En California, según cantaban los mineros de La leyenda de la ciudad sin nombre, llamaban María al viento, y la lluvia era Tess (el fuego era Joe, cosas del machismo inherente a esa divertida pandilla de bohemios).
Estos días, independientemente de que yo cante la danza india o no, están cayendo chuzos de punta en un montón de pueblos del litoral. Lo malo no es que la lluvia sea necesaria (no imaginan quienes no han pasado por eso lo insoportable que se hacen las restricciones de agua precisamente porque pasan años sin caer tres gotas), lo malo es que pueda ser tan dolorosamente feroz y salvaje.
Todas las riadas, todas las calles inundadas de barro, los coches volcados y las playas destrozadas tan cerquita de las vacaciones de Semana Santa nos traen, en el fondo, la inevitable reflexión primera de lo mal que hemos construido en este país nuestro durante tantos años. Se ha construido y se construye en el cauce de los ríos, y la naturaleza no entiende de urbanizaciones ni de carreteras: Dios es el gran matemático, el gran arquitecto, no jugará a los dados, pero que le eche un galgo el más inteligente ingeniero de caminos que pueda haber habido.
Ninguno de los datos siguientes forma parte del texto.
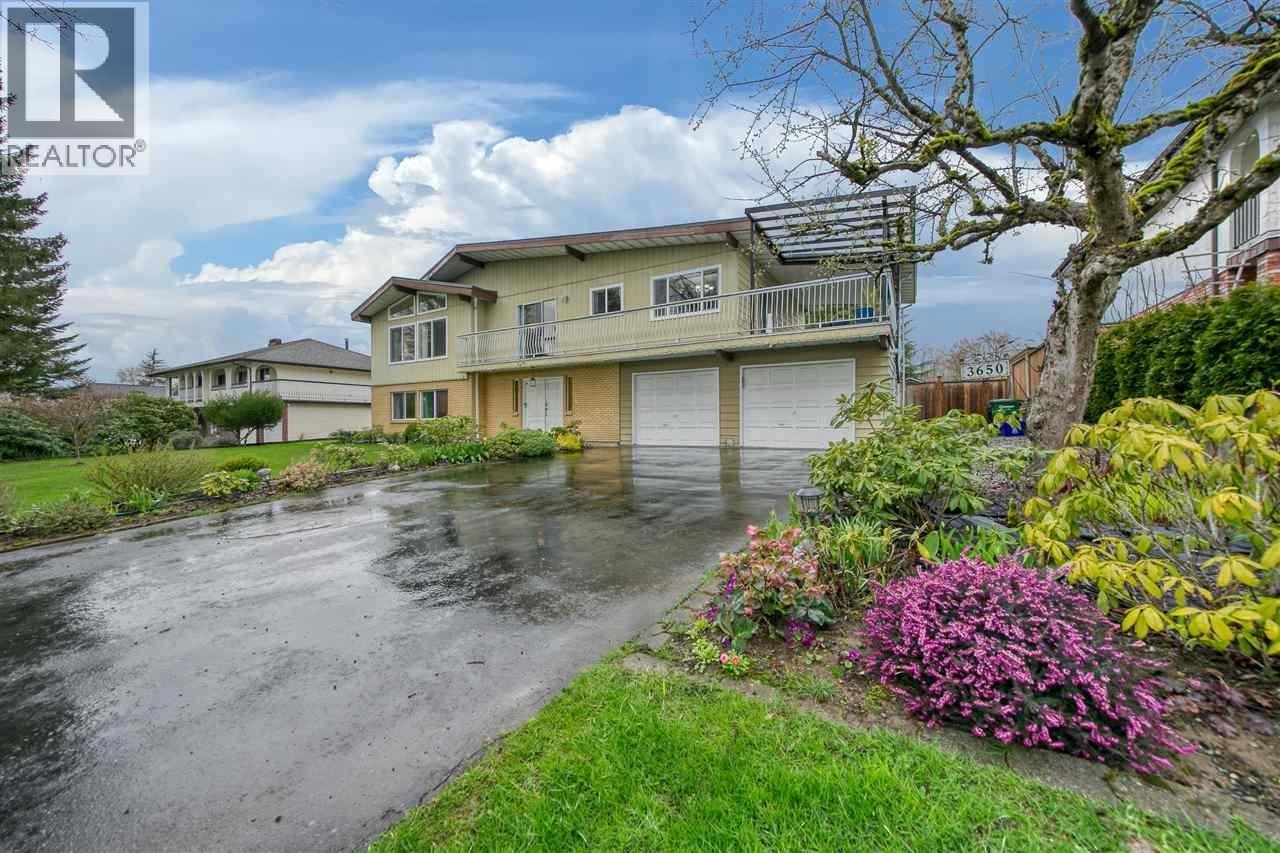 3650 Lynndale Crescent Property Photo 1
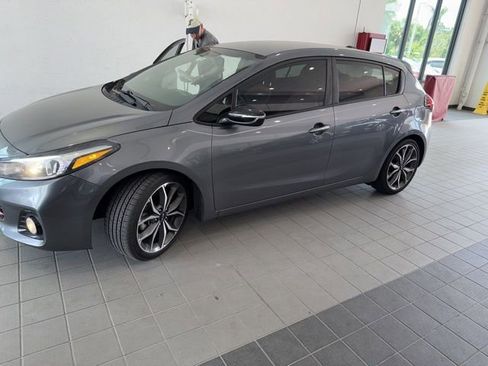 Used 2018 Kia Forte SX FWD image 2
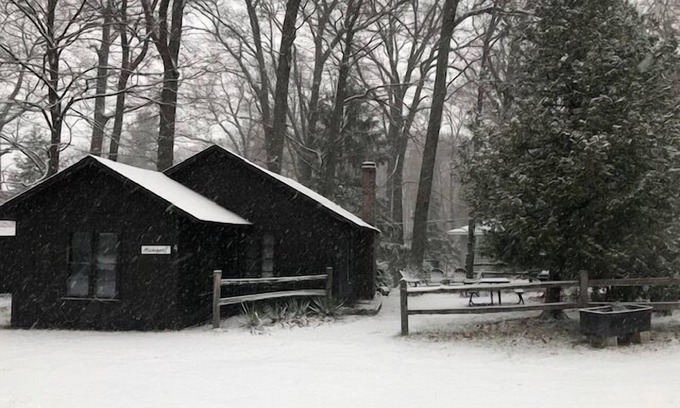 Whitehall Casa | Lake Michigan Log Cabin #4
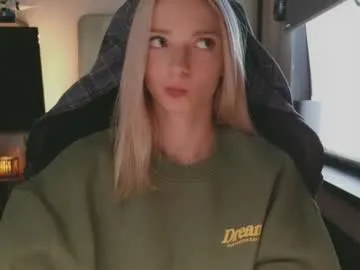 SusyBlair – webcam model profile photo Image 8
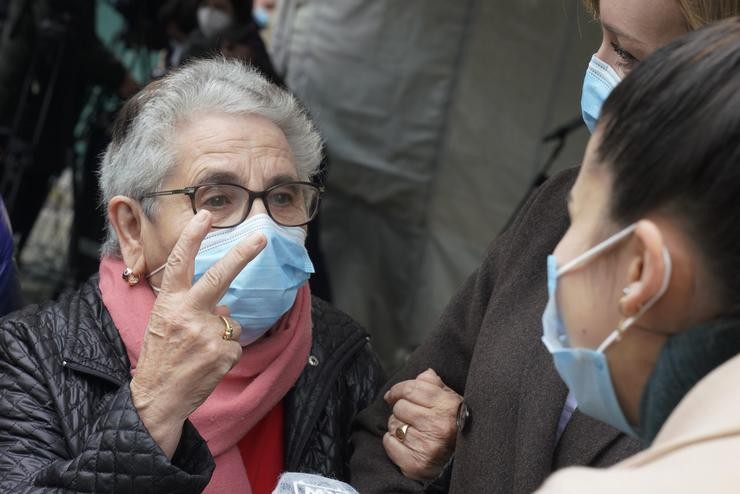 Nieves Cabo Vidal, unha muller de 82 anos residente do centro de maiores Porta do Camiño de Santiago, foi a primeira persoa en recibir a vacina contra a Covid-19 en Galicia, en Santiago de Compostela, a 27 de decembro de 2020 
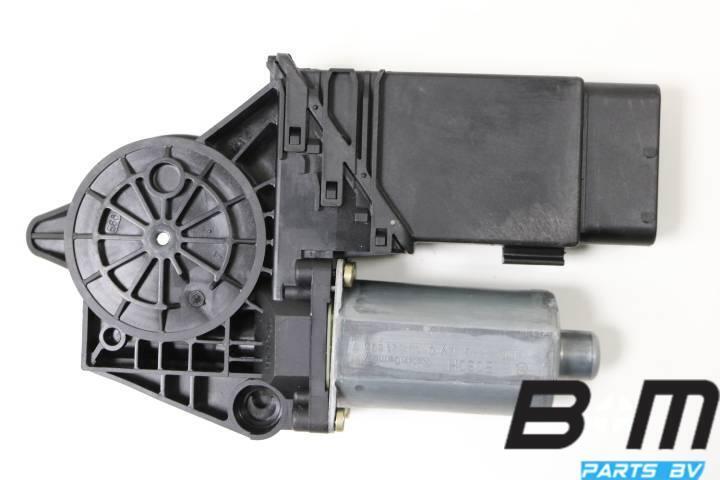 Raammotor LV VW Passat 3BG, Gebruikt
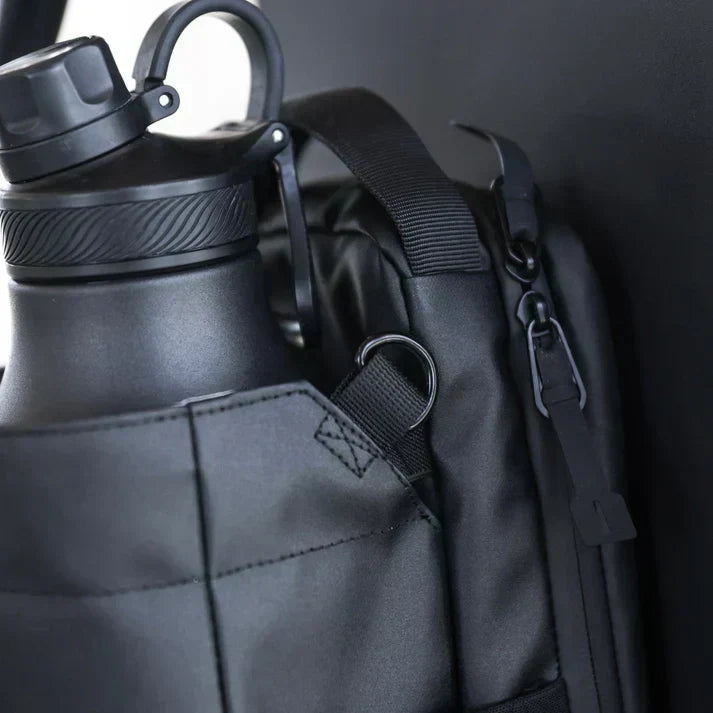 MagBag Pro® | Fixação Ultramagnética + Compartimentos Inteligentes e Impermeáveis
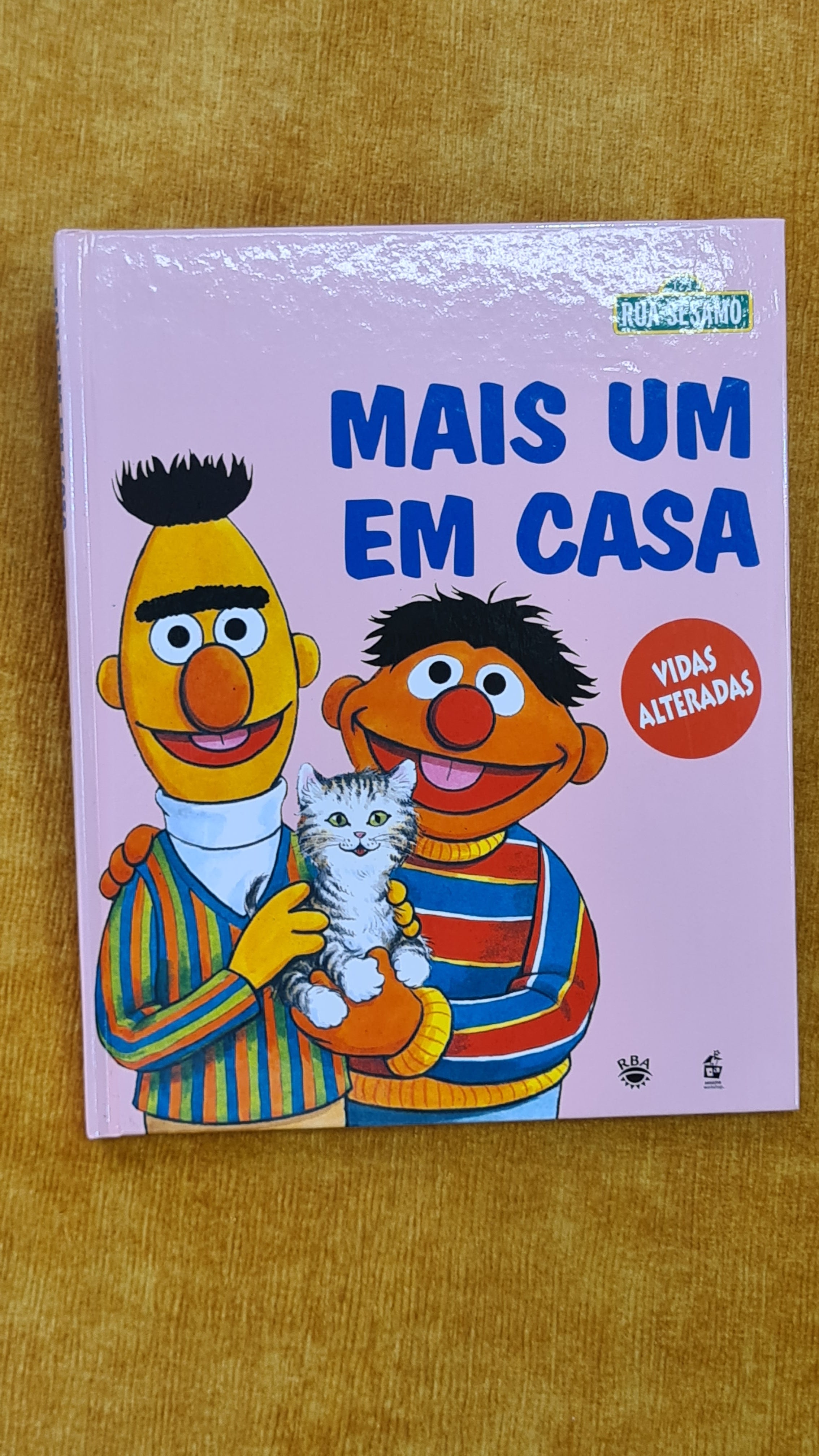 Mais um em casa - Rua Sésamo 12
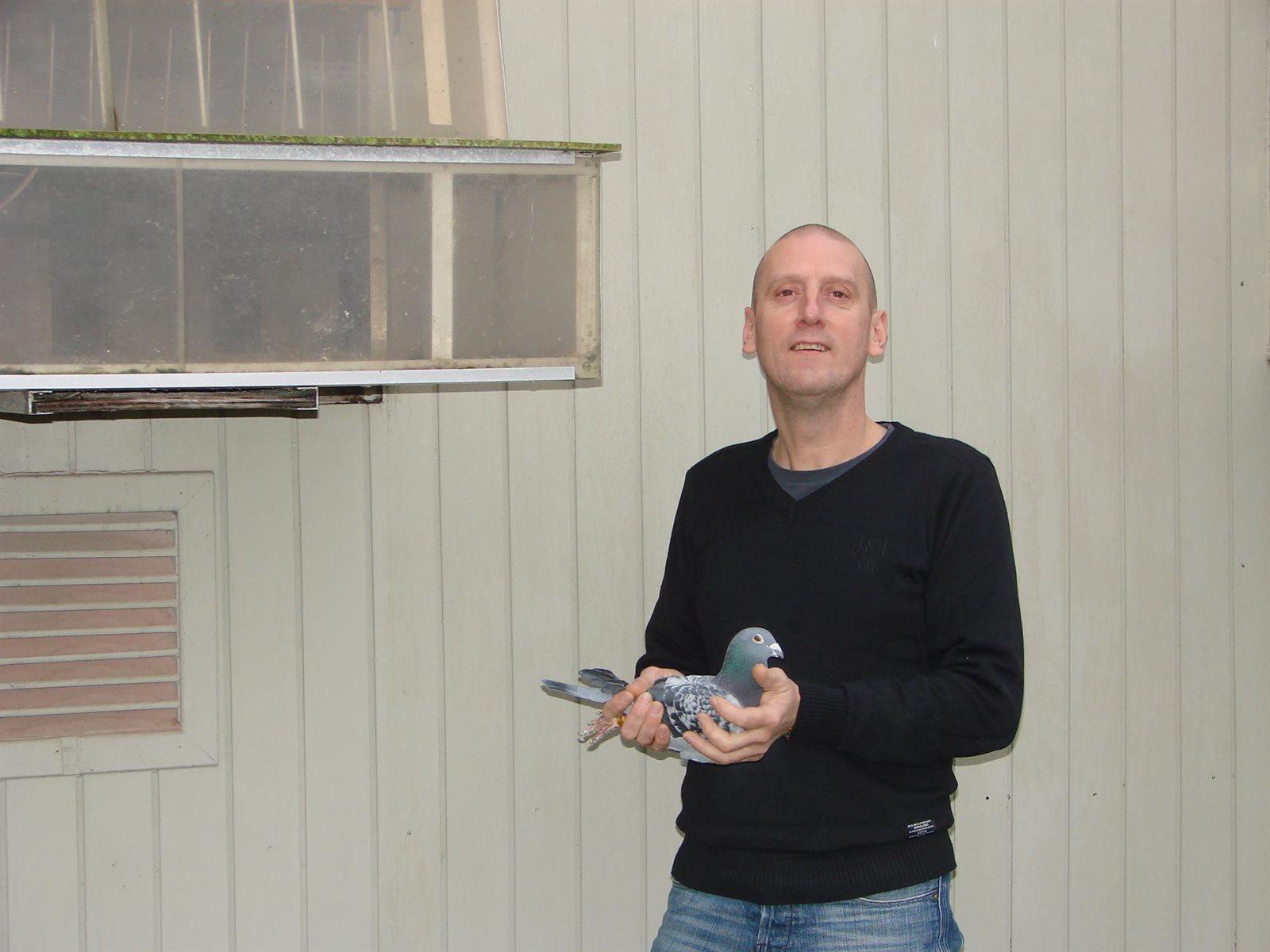 Vuylsteke Bart Rumbeke Duiver ter plaatse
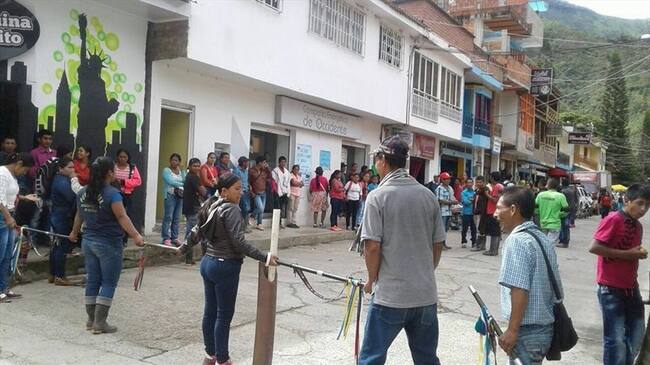 Comunidades de Páez en el Cauca protestaron por servicio de energía. Foto: Cortesía Cauca Noticias Radio - Cedida por Carlos Cerón (W Radio)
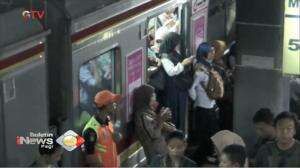 Penumpang KRL Terlantar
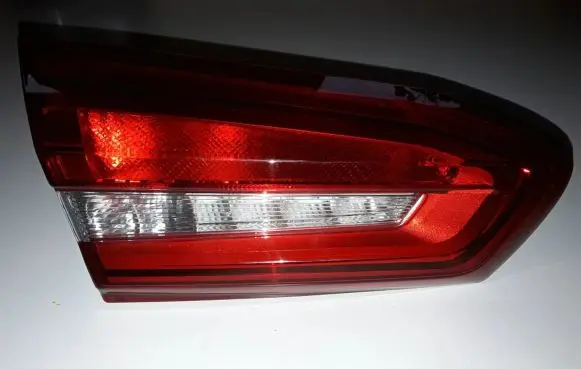 Ford Focus Tailgate rear/tail lights JX7B13A603TA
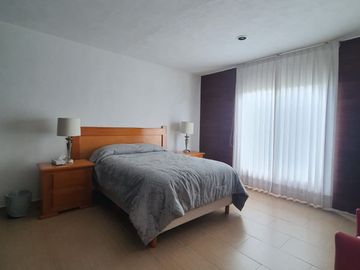 Casa en venta con terreno amplio y otra propiedad en Querétaro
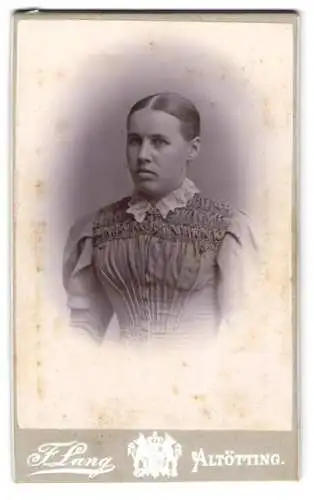 Fotografie F. Lang, Altötting, Junge Dame mit zurückgebundenem Haar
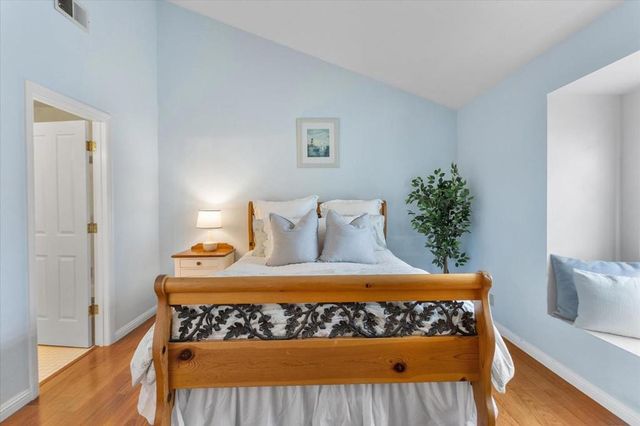 1555 Cherry Street 4, San Carlos, CA 94070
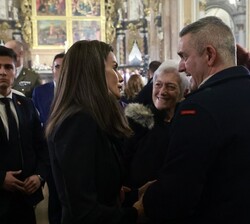 Doña Letizia conversa con algunos familiares de los fallecidos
La segunda reflexión que me hago, tan cerquita de empezar a explicarles a mis chavales el Romanticismo, es lo equivocados y pomposos que fueron aquellos adolescentes literarios del dieciocho y el diecinueve, cuánto se equivocaban al querer equiparar sus sentimientos desbocados con la fuerza de la naturaleza cuando ésta campa por sus anchas.